Re: Contemplating mortality
Lovely post Bill. Like you I am a former climber, mountains or rock, like you I am still active just not at the level I was, nowhere close. E2 down to HVS!! They say there are old climbers and bold climber but no old bold climbers. Some of the things one witnesses when living these pursuits are so incredible and so magical and mystical that for the most part the stories go untold as they are hard to fathom let along recount or try to understand.
My own feeling is that these realizations or understandings that one comes to, could only be come to by risking everything, and surviving, often for nothing more than the risk itself. The good friends I have lost to extreme sports over the years is also the list of most of my most active alive friends. Yes they died, often tragically, but they also lived much more than most. The candle that burns the brightest burns the shortest time.
Although I don't risk to the extent that I once did, I still feel it is very important to get out into the wilds and feel close to nature, close to the edge. Ultimately living a life of measured risk gives one the confidence and understanding not to die in that moment, until we die of course. No matter what we do none of us get out of this game alive, so ergo let's enjoy the ride as best we can.
I loved the way they went down to the tree by the river to die, that's enjoying life to the fullest right there.
All of us benefit from time away from the couch.....x.... N
Re: Contemplating mortality
Bill,
Very moving story about the man who had the insight and resolve to find a tree in nature to be with. when death approached.
Having worked in hospice, I realise time is short and precious. Death and grief are part of life.
In hospice, I was in awe at those who faced death with courage, strength and dignity and to those left behind, digging deep to face their grief.
At the moment, I and some that I know are coming to terms with the death of someone young, so full of life, sadly taken away to soon in a road traffic accident.

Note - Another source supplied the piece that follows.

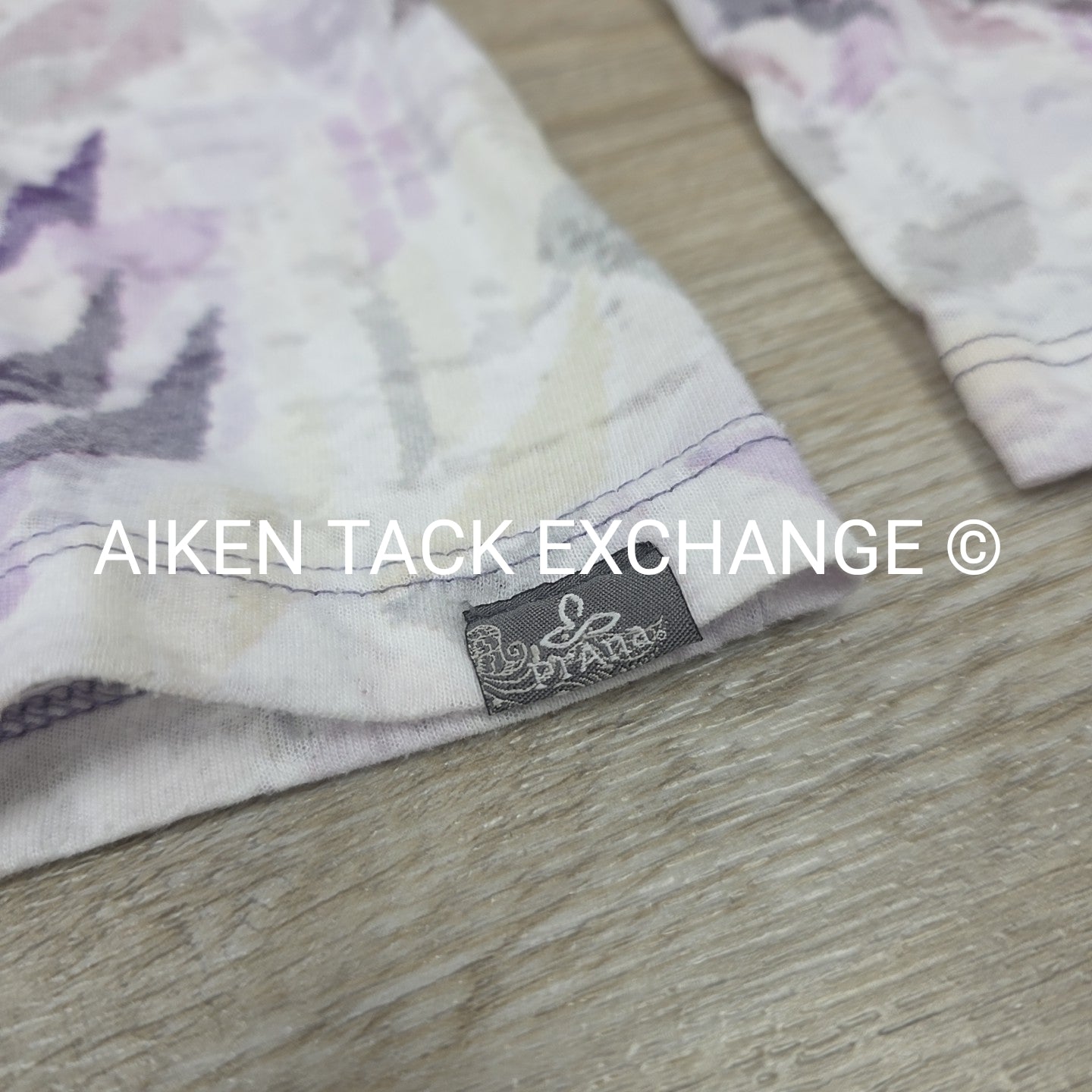 PrAna Long Sleeve Top, Size Medium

Tragedy can happen in the blink of an eye. The world you knew can change very quickly and grief then becomes an unwelcome companion.

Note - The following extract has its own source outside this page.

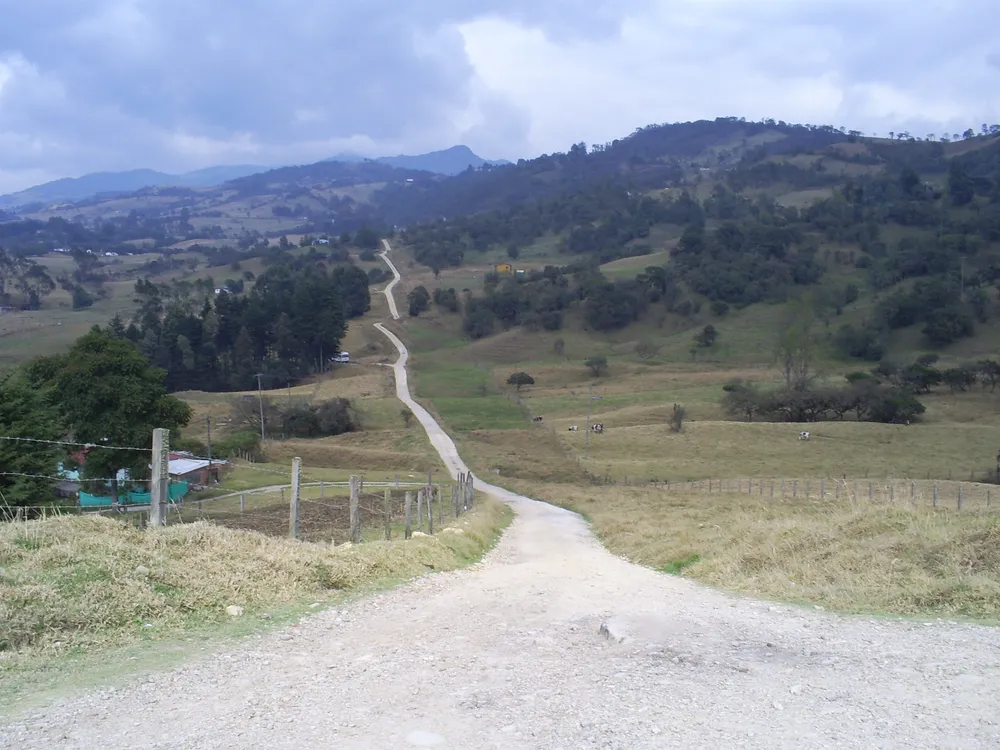 Chingaza National Natural Park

I'm OK in this and in a position to support.
We live in a world where death is really not that far away from our lives.
With this truth in mind, for me, as best I can. it's best to live a life of gratitude, smiles and kindness. :heart:
Re: Contemplating mortality
I too have had brushes with death and could only shake my head at the miracle of my continuation in this body.

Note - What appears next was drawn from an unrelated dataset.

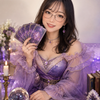 アメジストの雫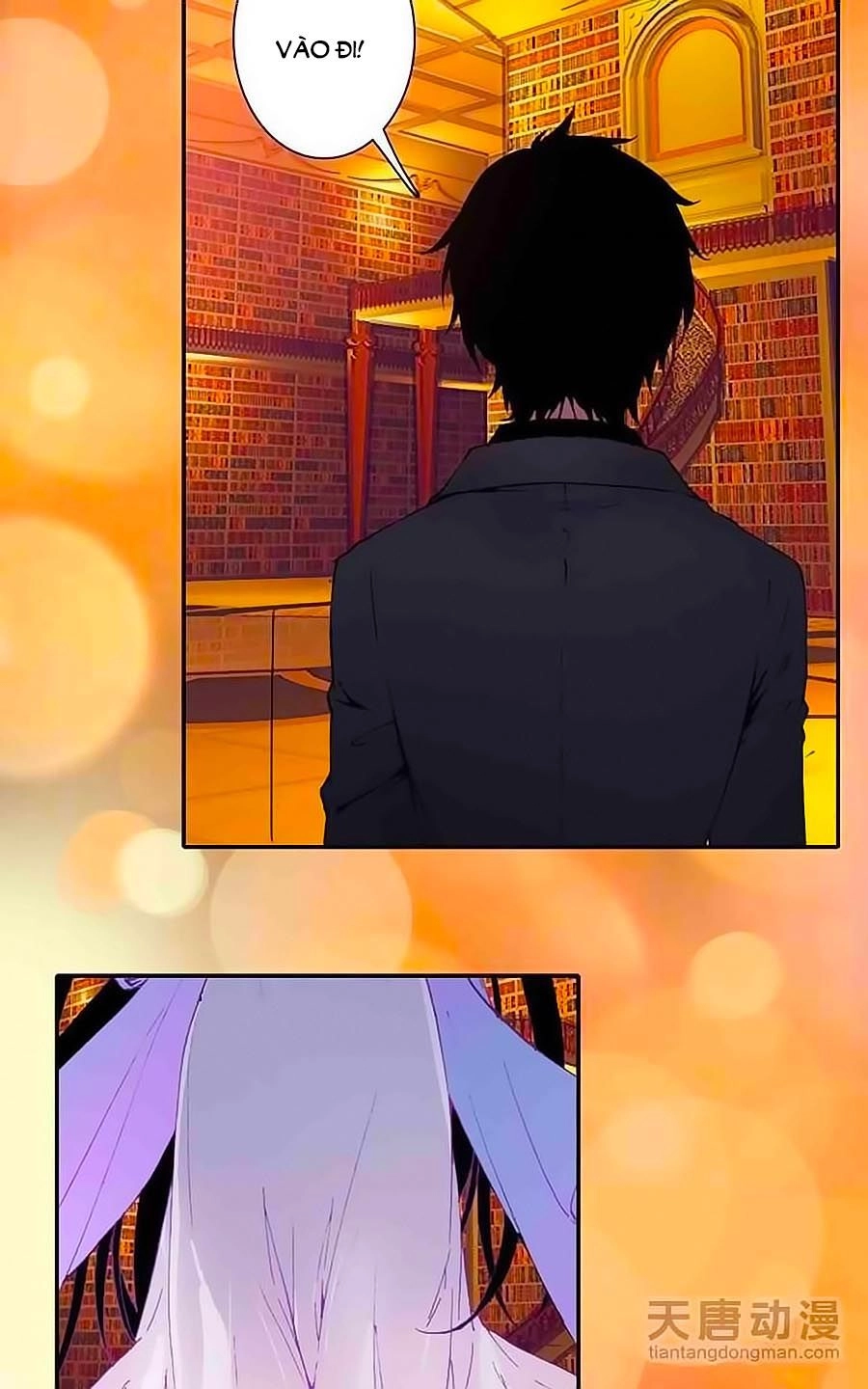 Tình Yêu Này Không Bán Chapter 13 - 9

Blown out of a mall's electrical room with my boss, through bolted steel frame doors, still holding onto melted pliers that crossed the mains, lifting ourselves up after being rendered unconscious, unscathed and intact. How could that have happened but for the grace of God?
There must have been more we both were meant yet to accomplish. The side of good can change reality in an instant and bestow a miracle wherever it must happen, regardless of the 'Laws of Nature'. Neither nature nor science is any match for the angels of God! :angel:
What God wills is always done. :heart:
Thanks for your moving story.
Re: Contemplating mortality
Bill, very moving and timely. I came across your great post while watching The Grey, a very harsh and frightening movie about the harshness of nature, survival and death in the wild.
All this has been on my mind. How death awaits us all, and no one knows how far or close. I listen to NDE,S on a regular basis. Many testify to the thin veil it is that divides us from what will be met by all.
All I can say is Im very concerned. Not by the inevitably of death, but by thoughts of if our best days are over? Are we on some downturn. Is freedom and the life we have been living at threat ? It seems like the game we have collectively been playing, by choice or not, is at some end, and I don't know whats coming.
Re: Contemplating mortality
That final story of the man who found a tree next to the river to pass his final moments: wow, the human story embodied; is someone peeling onions?
For some reason I am reminded of the Scole experiment, verified by people of such credibility as Rupert Sheldrake: communicating with the 'spirit world' and the next
station on our journey. It is worthwhile revisiting that experiment it was something very special I think. Our mortality provides the poignant urgency in our lives, and at coming up to 63 this year I know
there is way more behind me, than in front.
Re: Contemplating mortality
Learning of death as a young child I remember being outraged by the possibility that my older brother would not necessarily die first. It just felt so unfair that he got a few more years than me. Accepting that anyone at anytime can be taken from our lives is part of growing up. Living a life based on the fragility of it all is a push to being the best we can be at all times and in all situations.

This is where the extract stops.